→ Directions
Line by line, return the listing exactly, without any of the images.

→ Information provided
● ● ● ● ● ● ●

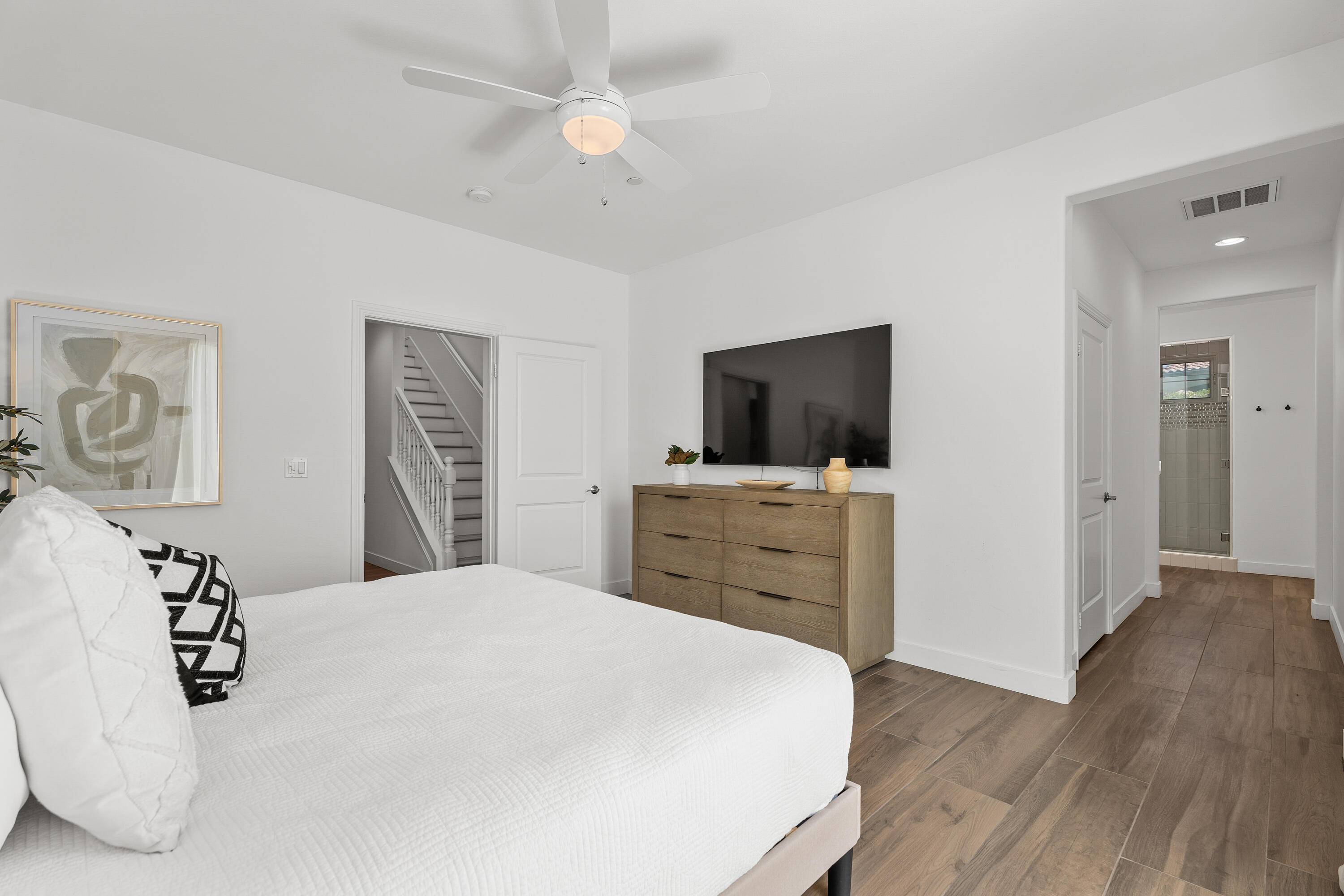 La Quinta, California, 92253, United States, 3 Bedrooms Bedrooms, ,3 BathroomsBathrooms,Residential,For Sale,1940982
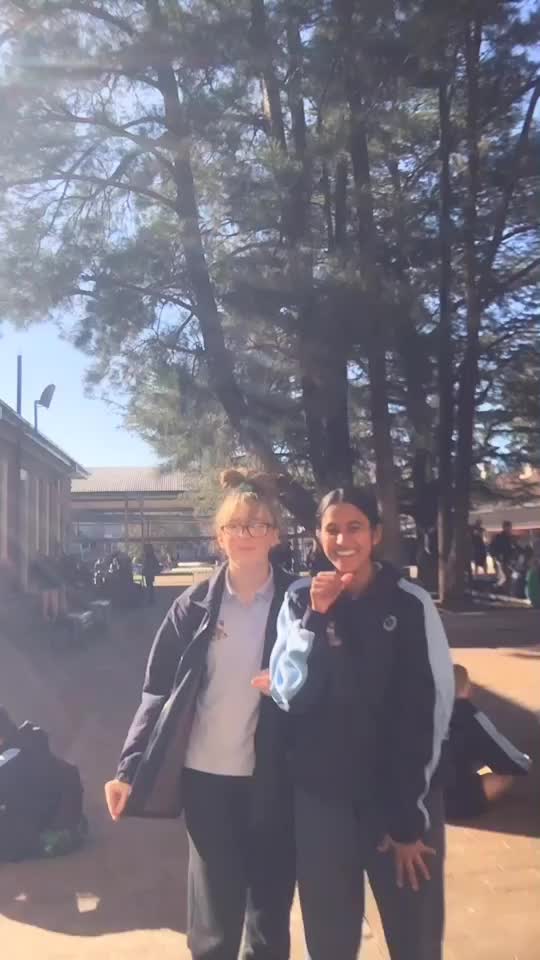 @Roosheeka🦋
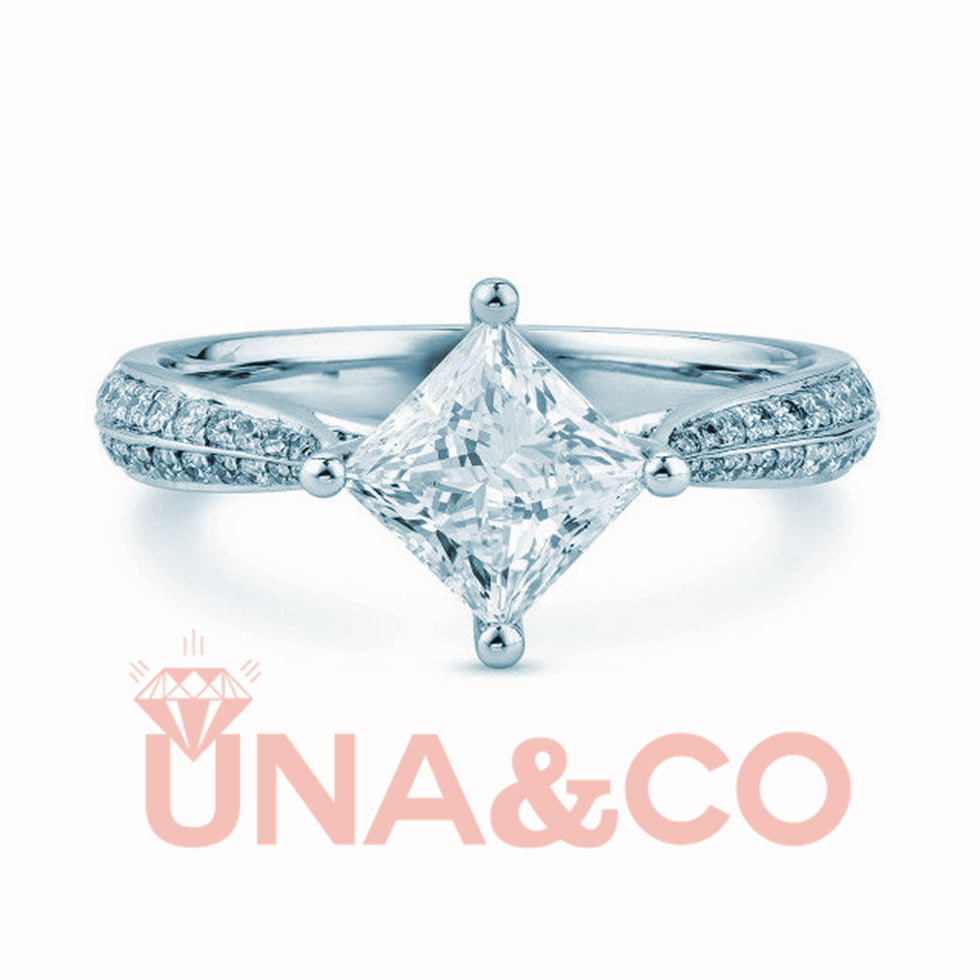 Unique & Luxury Princess Shape Ring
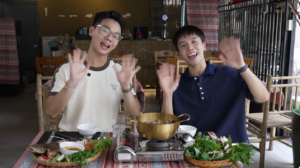 Nam Khánh và Kan Hy bắt đầu chuyến trải nghiệm ẩm thực tại quán ăn Gia Đình Lào. Quán ăn hạnh phúc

● ● ● ● ● ● ●

→ Solved problem
 La Quinta, California, 92253, United States, 3 Bedrooms Bedrooms, ,3 BathroomsBathrooms,Residential,For Sale,1940982
 @Roosheeka🦋
 Unique & Luxury Princess Shape Ring
 Nam Khánh và Kan Hy bắt đầu chuyến trải nghiệm ẩm thực tại quán ăn Gia Đình Lào. Quán ăn hạnh phúc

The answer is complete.